La Cour suprême des Etats-Unis annule l'interdiction d'un accessoire permettant de tirer en rafale
La Cour suprême américaine a infligé vendredi un revers aux partisans d'un contrôle accru des armes à feu en annulant l'interdiction des "bump stocks", un appareil démultipliant la cadence de tir des fusils semi-automatiques, les transformant de facto en mitraillettes.
Les appels se sont aussitôt multipliés pour une intervention du Congrès afin de modifier la loi.

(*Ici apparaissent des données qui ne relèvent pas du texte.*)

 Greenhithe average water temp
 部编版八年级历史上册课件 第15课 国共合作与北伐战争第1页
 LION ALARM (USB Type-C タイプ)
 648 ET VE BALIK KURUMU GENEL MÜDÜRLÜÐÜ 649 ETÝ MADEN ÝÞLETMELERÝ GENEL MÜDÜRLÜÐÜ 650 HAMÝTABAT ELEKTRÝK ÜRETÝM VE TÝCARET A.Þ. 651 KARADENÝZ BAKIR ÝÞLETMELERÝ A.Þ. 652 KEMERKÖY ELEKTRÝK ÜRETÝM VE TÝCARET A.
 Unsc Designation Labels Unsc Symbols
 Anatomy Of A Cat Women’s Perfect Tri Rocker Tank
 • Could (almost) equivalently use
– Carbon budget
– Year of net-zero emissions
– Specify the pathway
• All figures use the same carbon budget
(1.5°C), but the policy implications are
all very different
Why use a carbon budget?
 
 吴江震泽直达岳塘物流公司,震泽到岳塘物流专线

En toile de fond de cette affaire figure le massacre de Las Vegas (ouest), le pire de l'Histoire américaine moderne, dans lequel 58 personnes avaient été tuées et plus de 500 blessées le 1er octobre 2017. La plupart des 22 fusils de l'auteur du carnage étaient munis de ces crosses amovibles et il avait pu ainsi tirer à une cadence allant jusqu'à neuf balles par seconde.

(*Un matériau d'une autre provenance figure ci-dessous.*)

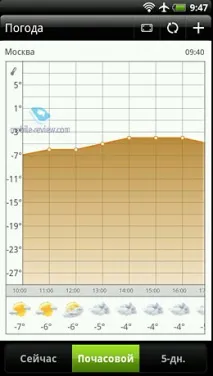Порівняння Samsung Galaxy S II та HTC Sensation sensation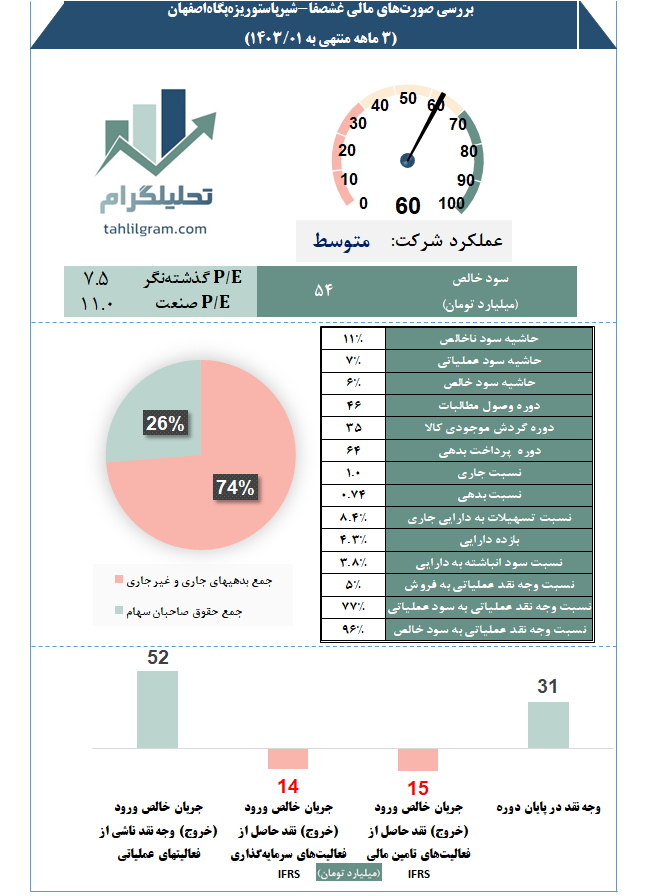 غشصفا کدال تحلیل صورت مالی سهامیاب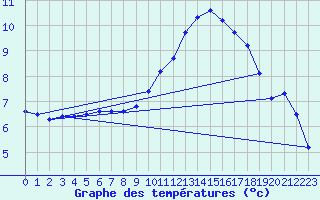 Courbe de tempratures pour Orlans (45)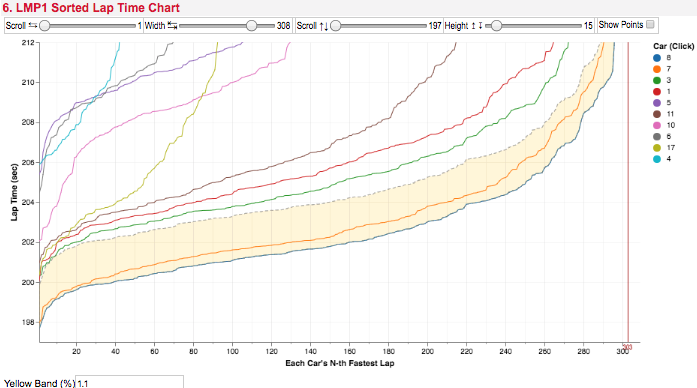 LM P1 Sorted Lap Times Chart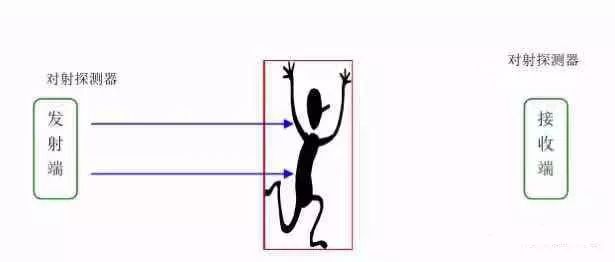 弱电工程红外对射接线图,弱电红外线报警接线图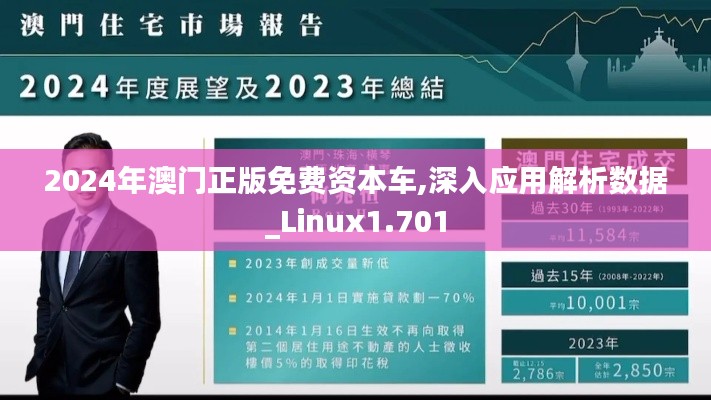 2024年澳门正版免费资本车,深入应用解析数据_Linux1.701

Par six voix contre trois, celles des juges conservateurs contre celles des progressistes, la Cour a affirmé que le Bureau de l'alcool, du tabac, des armes à feu et des explosifs (ATF), une agence fédérale, avait outrepassé son autorité en reclassant en 2018 les "bump stocks" dans la catégorie des mitraillettes, interdites par une loi de 1934.
"Nous considérons qu'un fusil semi-automatique équipé d'un bump stock n'est pas une +mitraillette+ parce qu'il ne peut pas tirer plus d'un coup par +une simple pression de la détente+", écrit le juge Clarence Thomas au nom de la majorité, se référant au texte de la loi de 1934, adoptée à l'époque de la Prohibition, bien avant l'invention de cet appareil.

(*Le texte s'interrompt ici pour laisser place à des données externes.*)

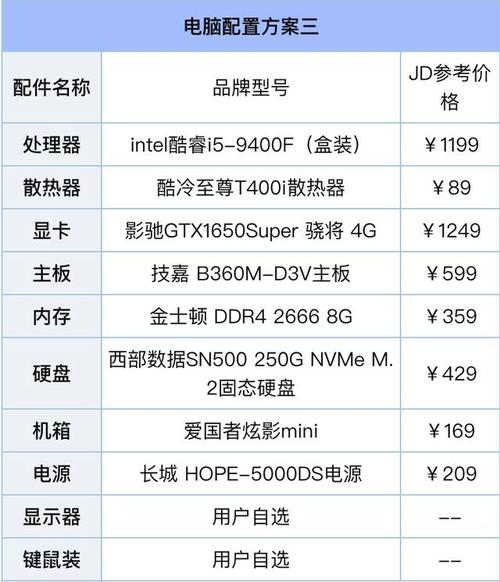 优化电脑配置:确保电脑的处理器和内存足够强大,以应对复杂的转换任务。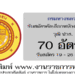 กรมทางหลวง 70 อัตรา
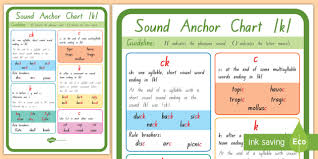 Sound Anchor Chart K A4 Display Poster Dyslexia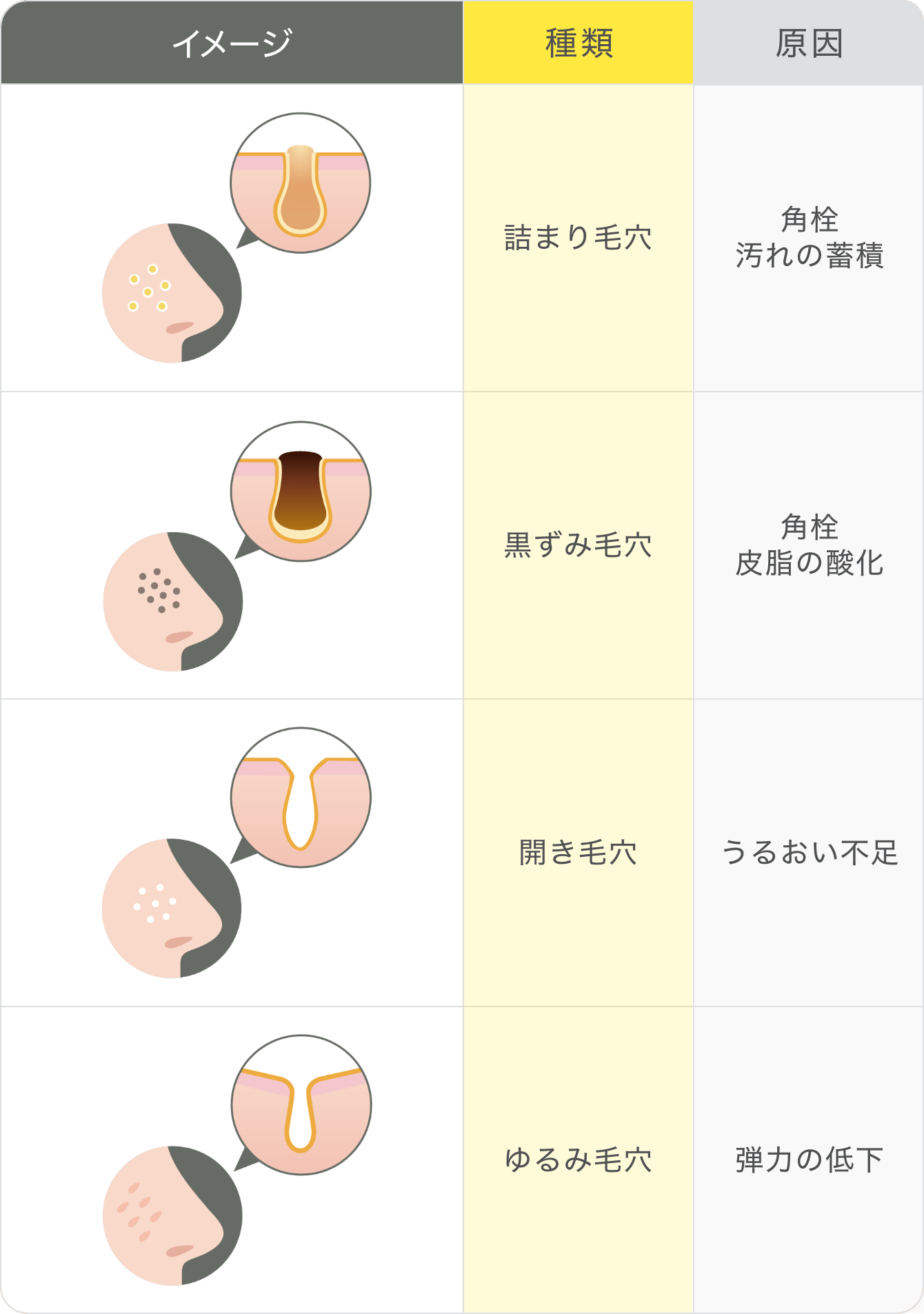 30代女性 1日の中でも違いがはっきりとわかるほど、シワの目立ち方が変化！ 30代男性 女性より皮脂量が多いといわれている男性でも、乾燥し、違いがはっきりとわかる
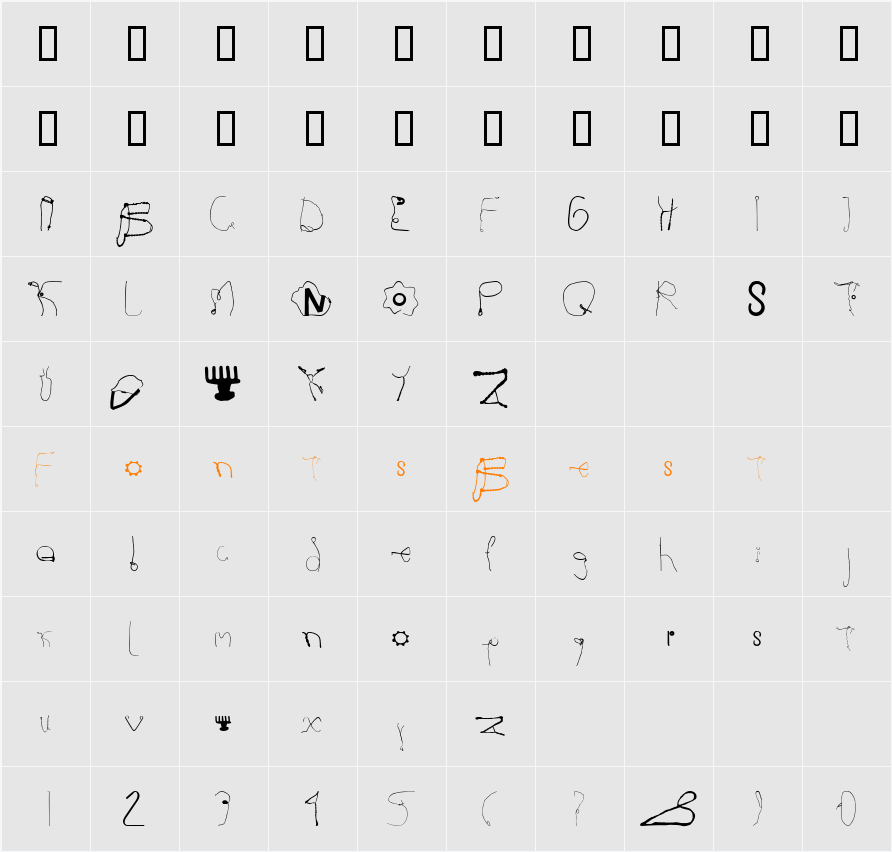 Kurzwaren Character Map
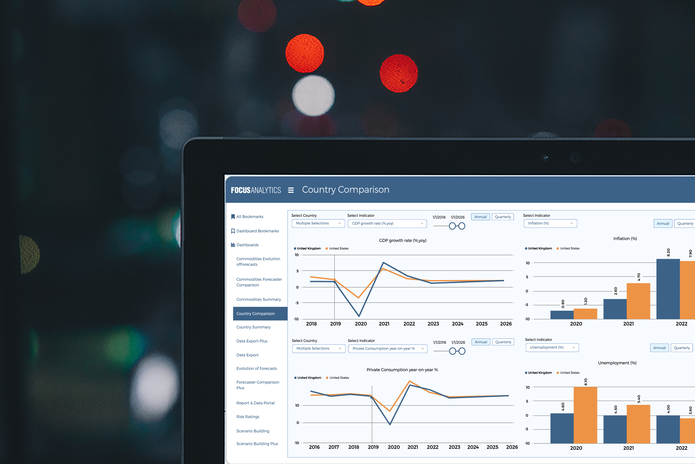 FocusAnalytics data platform country economic analysis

- "Conséquences mortelles" -
Le massacre de Las Vegas "a démontré qu'un fusil semi-automatique équipé d'un bump stock peut avoir le même effet létal qu'une mitraillette et a donc conforté les arguments en faveur d'une révision de cette loi", reconnaît de son côté le juge conservateur Samuel Alito.
"Mais un événement qui souligne la nécessité d'amender la loi ne change pas à lui seul la signification de la loi", ajoute-t-il, suggérant une intervention du Congrès pour remédier à cette incohérence.
Exprimant son désaccord, la juge Sonia Sotomayor, rejointe par ses deux autres collègues progressistes, reproche à la majorité de "rejeter la définition communément admise" des mitraillettes. Elle prévient que cette décision "aura des conséquences mortelles" en "entravant les efforts du gouvernement pour empêcher des tireurs comme celui de Las Vegas d'y avoir accès".
L'association Giffords, qui milite pour un renforcement du contrôle des armes individuelles, a déploré une décision "inconsidérée et dangereuse".
"Le Congrès doit agir pour réparer les dégâts et établir clairement que tous les appareils de conversion en arme automatique sont illégaux au regard de la loi fédérale", affirme-t-elle dans un communiqué.
Le chef du groupe démocrate à la Chambre des représentants, Hakeem Jeffries, a dénoncé une décision "dangereuse, catastrophique et profondément dérangeante", appelant ses collègues républicains à voter un texte interdisant les "bump stocks".
- "Lobby des armes" -
L'équipe de campagne du président démocrate a pour sa part accusé les juges conservateurs d'avoir statué "en faveur du lobby des armes" et assuré que Joe Biden était "le seul candidat qui interdira les armes d'assaut et les chargeurs à haute capacité".
L'influent lobby des armes, la NRA, a en revanche rendu hommage dans un communiqué à la Cour pour avoir "justement cantonné les agences du pouvoir exécutif à leur rôle de faire appliquer la loi, et non de la rédiger".
L'autorité fédérale en charge des armes à feu, l'ATF, avait commencé à réviser sa position sur ces crosses amovibles à la suite de la tragédie de Las Vegas.
En février 2018, quelques jours après une tuerie dans un lycée de Parkland, en Floride (sud-est), où 17 personnes avaient péri, l'administration du président républicain d'alors, Donald Trump, s'était engagée à interdire les "bump stocks". Coïncidence, les autorités américaines ont commencé vendredi à démolir un bâtiment du lycée en question.
En décembre 2018, l'ATF avait annoncé considérer désormais les "bump stocks" comme des mitraillettes, en sommant les détenteurs de les détruire ou de les remettre aux autorités dans les 90 jours.
A la suite de décisions contradictoires de juridictions fédérales sur la légalité de cette qualification, la Cour suprême avait accepté de se pencher sur la question.